De lo sucedido durante el día nada vale la pena ser contado, porque al cabo de los años todos los días acaban pareciéndose entre sí y sólo una catástrofe logra quedar en la memoria algún tiempo más, y aún esas terminan cubiertas por el polvo del olvido. Al llegar a su casa, unos minutos antes de las diecinueve horas, luego de dos horas de su consabida partida de cartas en el Bar, acompañada de dos copitas de grappa –insoportable bebida blanca destilada del orujo de la uva- y los cinco cigarrillos asignados a ella, mientras miraba distraído hacia la Farmacia que tenía por vecina al frente, dirigió la llave hacia la cerradura. Otra vez el reflejo condicionado de abrir sin mirar le falló. Sin entender por qué estaba queriendo poner la llave cinco centímetros encima de la cerradura, por lo que nuevamente debió bajar su mano y girar un poco la muñeca para un ángulo que se le antojaba no era el de todos los días. Estoy distraído, es el tema de la jubilación que me pone mal, trató de explicarse y sin darle más importancia puso su mano derecha donde debió estar el interruptor de la luz. Nuevamente su mano buscó unos centímetros encima de donde efectivamente éste estaba. Encendió la luz y miró detenidamente lo que conocía de memoria. A su derecha una pequeña sala donde su mujer en vida se dedicaba a sus labores de costura y donde recibía a sus clientas, y que desde que ella no estaba, había caído en el abandono. A su frente la sala con un sofá enfrentado a la pequeña chimenea, dos butacas una a cada lado del sofá y más allá la mesa con sus cuatro sillas, y detrás el mueble donde se guardaban vasos y cristalería que ya nadie utilizaba. Al fondo a la derecha, la puerta hacia su dormitorio, al lado la del baño y al fondo, la que conducía a la cocina. Todo parecía estar igual, como siempre, como desde años atrás, todo en su lugar y espacio.

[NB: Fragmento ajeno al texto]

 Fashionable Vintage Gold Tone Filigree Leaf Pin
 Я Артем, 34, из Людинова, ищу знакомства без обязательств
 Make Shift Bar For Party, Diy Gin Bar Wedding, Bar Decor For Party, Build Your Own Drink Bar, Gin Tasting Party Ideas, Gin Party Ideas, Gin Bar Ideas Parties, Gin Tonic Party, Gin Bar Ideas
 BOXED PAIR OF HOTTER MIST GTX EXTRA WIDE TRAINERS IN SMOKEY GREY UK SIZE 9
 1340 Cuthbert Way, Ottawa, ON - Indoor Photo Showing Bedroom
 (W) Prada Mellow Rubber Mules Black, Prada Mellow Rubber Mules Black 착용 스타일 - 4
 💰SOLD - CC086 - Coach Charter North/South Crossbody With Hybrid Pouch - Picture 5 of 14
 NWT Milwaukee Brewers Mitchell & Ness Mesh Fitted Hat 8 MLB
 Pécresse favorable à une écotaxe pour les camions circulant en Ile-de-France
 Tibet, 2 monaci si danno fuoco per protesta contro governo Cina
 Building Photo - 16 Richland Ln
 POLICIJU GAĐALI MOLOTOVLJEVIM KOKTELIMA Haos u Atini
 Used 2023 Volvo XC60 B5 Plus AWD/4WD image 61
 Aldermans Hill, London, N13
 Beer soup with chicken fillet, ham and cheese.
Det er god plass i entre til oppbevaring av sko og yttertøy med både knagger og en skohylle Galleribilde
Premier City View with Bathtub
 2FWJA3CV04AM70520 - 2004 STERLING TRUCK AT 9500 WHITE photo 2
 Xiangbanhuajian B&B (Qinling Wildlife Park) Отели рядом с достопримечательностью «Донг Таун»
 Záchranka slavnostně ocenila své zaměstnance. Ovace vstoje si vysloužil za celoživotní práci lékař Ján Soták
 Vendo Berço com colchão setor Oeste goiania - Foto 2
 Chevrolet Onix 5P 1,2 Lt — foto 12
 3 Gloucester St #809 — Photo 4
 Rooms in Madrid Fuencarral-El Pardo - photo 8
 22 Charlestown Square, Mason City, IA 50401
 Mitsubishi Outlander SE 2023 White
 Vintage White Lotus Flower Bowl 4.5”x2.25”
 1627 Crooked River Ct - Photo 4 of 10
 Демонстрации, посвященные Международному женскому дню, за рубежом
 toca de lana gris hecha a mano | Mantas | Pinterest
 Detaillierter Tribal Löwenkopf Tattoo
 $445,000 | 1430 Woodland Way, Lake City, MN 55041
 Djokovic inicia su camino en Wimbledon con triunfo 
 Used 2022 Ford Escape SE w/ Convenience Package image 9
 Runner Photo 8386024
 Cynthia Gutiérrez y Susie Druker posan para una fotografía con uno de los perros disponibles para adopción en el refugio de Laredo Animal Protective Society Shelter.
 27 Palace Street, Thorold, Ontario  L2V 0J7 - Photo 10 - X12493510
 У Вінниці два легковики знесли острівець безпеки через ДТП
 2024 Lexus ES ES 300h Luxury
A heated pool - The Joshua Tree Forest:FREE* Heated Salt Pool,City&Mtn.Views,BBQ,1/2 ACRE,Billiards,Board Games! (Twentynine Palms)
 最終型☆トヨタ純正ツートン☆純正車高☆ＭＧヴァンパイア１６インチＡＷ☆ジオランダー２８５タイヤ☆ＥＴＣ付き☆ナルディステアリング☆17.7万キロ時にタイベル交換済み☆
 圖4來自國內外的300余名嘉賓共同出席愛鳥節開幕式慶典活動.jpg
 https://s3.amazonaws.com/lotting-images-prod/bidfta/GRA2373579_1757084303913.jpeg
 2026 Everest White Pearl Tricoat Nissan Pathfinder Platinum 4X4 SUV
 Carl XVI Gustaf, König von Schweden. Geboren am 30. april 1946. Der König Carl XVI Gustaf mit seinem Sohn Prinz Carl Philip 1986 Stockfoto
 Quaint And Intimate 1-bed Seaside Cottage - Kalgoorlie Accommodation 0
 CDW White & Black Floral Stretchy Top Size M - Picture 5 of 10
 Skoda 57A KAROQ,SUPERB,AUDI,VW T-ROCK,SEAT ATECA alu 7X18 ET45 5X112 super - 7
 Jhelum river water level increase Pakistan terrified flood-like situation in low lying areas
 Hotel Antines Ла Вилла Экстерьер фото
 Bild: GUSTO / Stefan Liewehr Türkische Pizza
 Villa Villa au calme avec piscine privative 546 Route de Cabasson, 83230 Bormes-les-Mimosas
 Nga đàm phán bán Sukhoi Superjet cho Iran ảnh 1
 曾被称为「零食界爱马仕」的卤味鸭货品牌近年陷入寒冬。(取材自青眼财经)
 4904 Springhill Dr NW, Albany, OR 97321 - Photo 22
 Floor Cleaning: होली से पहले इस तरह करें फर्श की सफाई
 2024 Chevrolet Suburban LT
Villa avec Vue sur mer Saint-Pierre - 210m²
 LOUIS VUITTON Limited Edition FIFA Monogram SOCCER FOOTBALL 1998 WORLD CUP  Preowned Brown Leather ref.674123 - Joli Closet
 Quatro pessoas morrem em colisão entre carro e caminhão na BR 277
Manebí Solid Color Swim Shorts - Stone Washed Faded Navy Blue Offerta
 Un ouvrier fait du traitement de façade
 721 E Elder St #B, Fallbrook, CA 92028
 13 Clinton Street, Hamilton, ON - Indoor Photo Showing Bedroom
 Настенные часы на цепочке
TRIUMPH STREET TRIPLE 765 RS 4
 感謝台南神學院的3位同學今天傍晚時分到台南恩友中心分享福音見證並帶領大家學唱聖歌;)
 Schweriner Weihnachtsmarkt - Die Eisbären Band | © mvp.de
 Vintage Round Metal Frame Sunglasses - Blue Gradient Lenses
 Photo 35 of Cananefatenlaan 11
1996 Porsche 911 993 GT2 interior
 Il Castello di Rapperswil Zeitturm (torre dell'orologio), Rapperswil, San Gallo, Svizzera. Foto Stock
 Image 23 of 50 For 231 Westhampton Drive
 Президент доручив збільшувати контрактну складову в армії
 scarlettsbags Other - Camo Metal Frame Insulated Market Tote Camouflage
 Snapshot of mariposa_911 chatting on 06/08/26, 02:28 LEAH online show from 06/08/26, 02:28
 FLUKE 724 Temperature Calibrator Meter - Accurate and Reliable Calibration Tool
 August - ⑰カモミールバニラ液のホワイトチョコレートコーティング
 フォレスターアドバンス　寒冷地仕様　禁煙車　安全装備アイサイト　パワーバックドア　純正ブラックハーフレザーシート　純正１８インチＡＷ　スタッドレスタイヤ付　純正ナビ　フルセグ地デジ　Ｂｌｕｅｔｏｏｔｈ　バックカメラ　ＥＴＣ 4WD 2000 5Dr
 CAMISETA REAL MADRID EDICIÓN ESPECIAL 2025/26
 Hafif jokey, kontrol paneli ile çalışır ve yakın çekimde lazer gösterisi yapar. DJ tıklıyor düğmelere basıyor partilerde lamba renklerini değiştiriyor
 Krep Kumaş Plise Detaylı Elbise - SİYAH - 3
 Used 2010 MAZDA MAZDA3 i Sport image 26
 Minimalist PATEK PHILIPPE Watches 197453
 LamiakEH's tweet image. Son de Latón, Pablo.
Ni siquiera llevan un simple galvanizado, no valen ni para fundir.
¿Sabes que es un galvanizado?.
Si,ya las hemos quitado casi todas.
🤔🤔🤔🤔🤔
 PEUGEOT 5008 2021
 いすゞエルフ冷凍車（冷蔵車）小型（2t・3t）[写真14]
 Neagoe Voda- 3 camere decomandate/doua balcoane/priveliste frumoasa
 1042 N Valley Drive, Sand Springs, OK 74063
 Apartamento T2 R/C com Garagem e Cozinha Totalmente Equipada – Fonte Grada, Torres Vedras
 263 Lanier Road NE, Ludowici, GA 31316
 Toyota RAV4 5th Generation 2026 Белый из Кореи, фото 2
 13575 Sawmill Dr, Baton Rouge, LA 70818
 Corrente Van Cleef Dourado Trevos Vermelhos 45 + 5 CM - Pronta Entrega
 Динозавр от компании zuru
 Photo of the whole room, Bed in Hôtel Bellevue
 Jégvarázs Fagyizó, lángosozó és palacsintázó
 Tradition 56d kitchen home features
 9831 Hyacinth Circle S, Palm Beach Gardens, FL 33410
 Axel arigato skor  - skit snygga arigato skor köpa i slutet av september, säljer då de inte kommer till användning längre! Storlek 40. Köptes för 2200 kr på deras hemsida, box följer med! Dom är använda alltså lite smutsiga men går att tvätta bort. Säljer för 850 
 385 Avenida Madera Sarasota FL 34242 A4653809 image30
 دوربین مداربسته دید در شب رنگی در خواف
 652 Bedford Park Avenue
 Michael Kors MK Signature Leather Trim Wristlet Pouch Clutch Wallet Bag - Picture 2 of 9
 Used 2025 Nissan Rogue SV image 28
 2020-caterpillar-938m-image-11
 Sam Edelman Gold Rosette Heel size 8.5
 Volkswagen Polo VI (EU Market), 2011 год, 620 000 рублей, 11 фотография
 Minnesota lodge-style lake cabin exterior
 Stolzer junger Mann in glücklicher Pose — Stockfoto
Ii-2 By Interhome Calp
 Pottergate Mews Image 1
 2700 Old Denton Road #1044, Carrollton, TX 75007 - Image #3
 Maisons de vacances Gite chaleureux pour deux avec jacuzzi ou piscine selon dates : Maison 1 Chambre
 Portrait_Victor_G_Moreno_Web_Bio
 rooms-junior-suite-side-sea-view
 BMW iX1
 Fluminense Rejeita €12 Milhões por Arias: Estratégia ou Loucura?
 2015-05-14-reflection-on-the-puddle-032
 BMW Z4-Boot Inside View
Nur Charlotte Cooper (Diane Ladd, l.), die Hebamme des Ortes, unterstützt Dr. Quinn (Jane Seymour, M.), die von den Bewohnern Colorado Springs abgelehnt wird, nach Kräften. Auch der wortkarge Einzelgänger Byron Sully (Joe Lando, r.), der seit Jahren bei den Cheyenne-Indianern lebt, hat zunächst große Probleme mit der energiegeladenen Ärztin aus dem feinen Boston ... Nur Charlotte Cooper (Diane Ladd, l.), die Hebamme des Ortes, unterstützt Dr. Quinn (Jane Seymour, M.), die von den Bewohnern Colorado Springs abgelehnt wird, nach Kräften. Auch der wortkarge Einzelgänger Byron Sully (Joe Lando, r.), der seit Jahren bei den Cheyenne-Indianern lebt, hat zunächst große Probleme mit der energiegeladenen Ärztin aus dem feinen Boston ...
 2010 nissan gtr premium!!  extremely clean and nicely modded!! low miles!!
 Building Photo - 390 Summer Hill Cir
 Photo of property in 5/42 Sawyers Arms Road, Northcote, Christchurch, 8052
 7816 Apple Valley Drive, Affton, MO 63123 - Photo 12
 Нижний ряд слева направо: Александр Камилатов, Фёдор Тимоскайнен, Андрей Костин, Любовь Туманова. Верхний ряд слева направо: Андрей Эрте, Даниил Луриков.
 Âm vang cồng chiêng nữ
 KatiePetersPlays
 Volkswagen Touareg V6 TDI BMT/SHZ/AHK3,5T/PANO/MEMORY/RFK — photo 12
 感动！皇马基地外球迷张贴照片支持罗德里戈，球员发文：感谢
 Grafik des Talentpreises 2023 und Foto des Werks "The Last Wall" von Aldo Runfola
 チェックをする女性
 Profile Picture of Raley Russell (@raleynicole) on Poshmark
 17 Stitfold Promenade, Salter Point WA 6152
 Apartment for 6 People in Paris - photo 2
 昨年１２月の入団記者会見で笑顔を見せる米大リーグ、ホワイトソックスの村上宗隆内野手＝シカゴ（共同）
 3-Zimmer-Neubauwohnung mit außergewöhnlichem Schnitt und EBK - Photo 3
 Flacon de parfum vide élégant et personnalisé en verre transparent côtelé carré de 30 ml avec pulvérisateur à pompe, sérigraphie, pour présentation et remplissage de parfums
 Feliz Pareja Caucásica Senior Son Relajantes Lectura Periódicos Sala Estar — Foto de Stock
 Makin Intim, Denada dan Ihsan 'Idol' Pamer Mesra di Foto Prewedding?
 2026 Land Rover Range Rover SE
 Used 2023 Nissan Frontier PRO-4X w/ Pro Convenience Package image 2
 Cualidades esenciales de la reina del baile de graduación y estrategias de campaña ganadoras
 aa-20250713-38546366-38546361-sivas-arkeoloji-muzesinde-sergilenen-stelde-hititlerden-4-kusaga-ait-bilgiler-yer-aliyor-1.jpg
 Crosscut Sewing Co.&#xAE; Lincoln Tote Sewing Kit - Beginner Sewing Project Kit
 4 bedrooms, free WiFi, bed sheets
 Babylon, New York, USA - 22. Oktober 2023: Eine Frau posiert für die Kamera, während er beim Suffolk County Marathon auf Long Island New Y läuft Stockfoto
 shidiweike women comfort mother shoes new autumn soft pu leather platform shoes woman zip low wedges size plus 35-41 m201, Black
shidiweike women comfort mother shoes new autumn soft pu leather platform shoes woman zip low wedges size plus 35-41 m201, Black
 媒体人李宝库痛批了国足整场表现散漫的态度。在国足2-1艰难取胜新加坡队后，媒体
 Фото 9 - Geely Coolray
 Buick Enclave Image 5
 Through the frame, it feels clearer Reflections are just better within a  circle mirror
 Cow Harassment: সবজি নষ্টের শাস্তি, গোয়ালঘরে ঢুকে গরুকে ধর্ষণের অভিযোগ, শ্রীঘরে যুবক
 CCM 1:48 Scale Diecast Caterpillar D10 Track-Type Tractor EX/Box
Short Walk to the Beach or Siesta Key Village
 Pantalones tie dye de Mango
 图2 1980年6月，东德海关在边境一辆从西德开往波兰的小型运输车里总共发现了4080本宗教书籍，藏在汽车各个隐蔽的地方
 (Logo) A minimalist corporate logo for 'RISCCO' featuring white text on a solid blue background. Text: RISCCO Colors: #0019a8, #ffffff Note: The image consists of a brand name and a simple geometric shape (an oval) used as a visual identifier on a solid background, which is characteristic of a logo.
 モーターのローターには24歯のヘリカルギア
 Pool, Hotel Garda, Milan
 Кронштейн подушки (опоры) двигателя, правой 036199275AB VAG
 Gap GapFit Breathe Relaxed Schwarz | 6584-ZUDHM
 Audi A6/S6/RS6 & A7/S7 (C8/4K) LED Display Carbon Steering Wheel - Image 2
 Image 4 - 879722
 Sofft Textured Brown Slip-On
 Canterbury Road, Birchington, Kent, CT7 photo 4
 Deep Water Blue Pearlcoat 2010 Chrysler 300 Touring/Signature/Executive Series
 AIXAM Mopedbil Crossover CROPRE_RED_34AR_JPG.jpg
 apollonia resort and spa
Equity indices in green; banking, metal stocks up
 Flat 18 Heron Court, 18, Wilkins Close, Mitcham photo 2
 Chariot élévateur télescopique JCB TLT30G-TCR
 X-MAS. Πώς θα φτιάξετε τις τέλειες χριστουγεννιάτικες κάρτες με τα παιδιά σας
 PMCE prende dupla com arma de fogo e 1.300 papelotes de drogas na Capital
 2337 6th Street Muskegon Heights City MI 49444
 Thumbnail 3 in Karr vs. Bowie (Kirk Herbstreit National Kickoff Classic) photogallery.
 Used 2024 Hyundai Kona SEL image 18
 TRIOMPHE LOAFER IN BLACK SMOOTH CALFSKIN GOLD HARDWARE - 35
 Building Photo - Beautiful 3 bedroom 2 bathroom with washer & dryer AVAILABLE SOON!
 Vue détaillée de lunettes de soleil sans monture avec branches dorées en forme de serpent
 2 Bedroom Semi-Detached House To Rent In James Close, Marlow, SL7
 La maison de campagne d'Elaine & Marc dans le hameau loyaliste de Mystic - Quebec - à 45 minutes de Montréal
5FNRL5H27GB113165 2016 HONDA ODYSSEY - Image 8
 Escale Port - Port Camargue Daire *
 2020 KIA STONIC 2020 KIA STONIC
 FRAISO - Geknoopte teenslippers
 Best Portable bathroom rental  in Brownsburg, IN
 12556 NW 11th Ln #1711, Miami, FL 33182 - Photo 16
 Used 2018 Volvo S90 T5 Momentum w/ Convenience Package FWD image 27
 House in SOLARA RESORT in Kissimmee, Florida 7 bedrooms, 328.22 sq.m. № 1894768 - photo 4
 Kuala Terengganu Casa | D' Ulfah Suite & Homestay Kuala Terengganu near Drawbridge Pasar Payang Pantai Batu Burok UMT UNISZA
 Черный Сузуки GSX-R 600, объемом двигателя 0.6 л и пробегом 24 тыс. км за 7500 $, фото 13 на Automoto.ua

Colgó abrigo y boina del perchero detrás de la puerta, esta vez mirando lo que hacía, porque estando tan torpe y distraído no sería de extrañar mandara ambas cosas al suelo. Dejó el bolso encima de la mesa y se dirigió al baño donde alivió aguas y lavó las manos, para luego internarse en la cocina a preparar la cena, consistente salvo raras excepciones que ni nombre de tales merecerían, unas verduras cocidas junto a un trozo de pollo o carne, cocinadas en domingo y que luego racionaba meticulosamente durante la semana, hasta hoy viernes precisamente. Un vaso de vino y un pedazo de pan, y santas pascuas. Se inclinó un poco más de lo normal -eso le pareció-, para abrir el frigorífico y sacar el recipiente con el cocido, y colocó la ración que quedaba en una pequeña cazuela para calentarla. Al encender la hornalla, otra vez le pareció todo estaba más bajo, y raro sería a sus casi sesenta y cinco años, hubiera crecido. Tampoco las cosas se achican, hasta donde se sabe. Todo sería producto del desasosiego, que larvado, crecía dentro de él a medida se acercaba el día del definitivo adiós al trabajo, y no menos que eso, y con seguridad más aún, lo de la casa.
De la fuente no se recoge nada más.